Having read the colourful account by Angus McGill about this great personality and the distressing plight he was in at the age of 86, I was naturally tempted to go hammer and tongs in doing some research to find out Vijayatunga’s whereabouts. I became so keen to meet with this eminent character that has had an astounding career, especially being one of the rare Sri Lankans who had been moving with the kings and hobnobbing with so many international prominent personalities.

My first attempt was to contact the editorial section of the Evening Standard which proved to be the right target in my endeavour. Evening Standard editorial staff very kindly furnished me with the telephone number of Angus McGill enabling me to contact Vijayatunga.

Angust McGill was equally cooperative and forthcoming, and furnished me with Vijayatunga’s telephone number and his full postal address in North London.
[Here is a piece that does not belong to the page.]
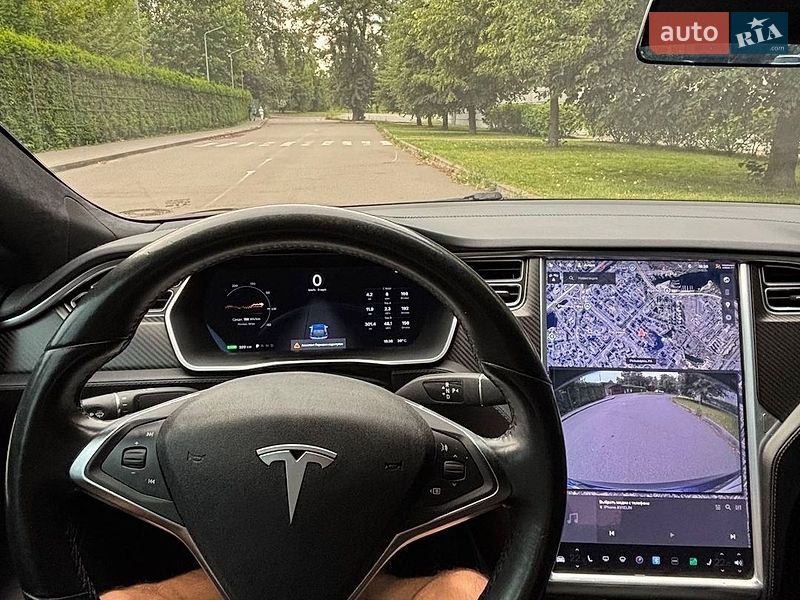 Лифтбек Tesla Model S 2016 в Киеве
I became impatient and quite excited to meet up with this great Sri Lankan.

When Jinadasa Vijayatunga answered my telephone call for the first time, he sounded extremely friendly, obliging and treated me as a young son and invited me to visit him in his Haringey, North London flat ‘to have a long and a friendly chat’. Certainly he was at the time a loner and he very much looked forward to have human company and personal communication rather than spending his time ‘tap tapping’ at his typewriter continuously!

Face to face

On a bright and warm summer afternoon curiously, and to some extent anxiously, I pressed his flat door bell. I was received with a warm and charming smile. The moment I entered his flat, I was struck by a bout of sorrow by the fact, after reading a lot about him in the Evening Standard, how this great personality had to lead a lonesome life, at the age of 86, confined to four walls in restricted accommodation. It really came as a shock to me to observe the situation of this man who had been moving around in his hay day with the noble, gracious and the righteous in the world!

 

Within seconds of settling down in his sitting room, I could focus on the mountain of papers, books, photocopies and letters from eminent personalities in the world which in itself was eloquent enough to fathom the amount of literal treasure in front of me.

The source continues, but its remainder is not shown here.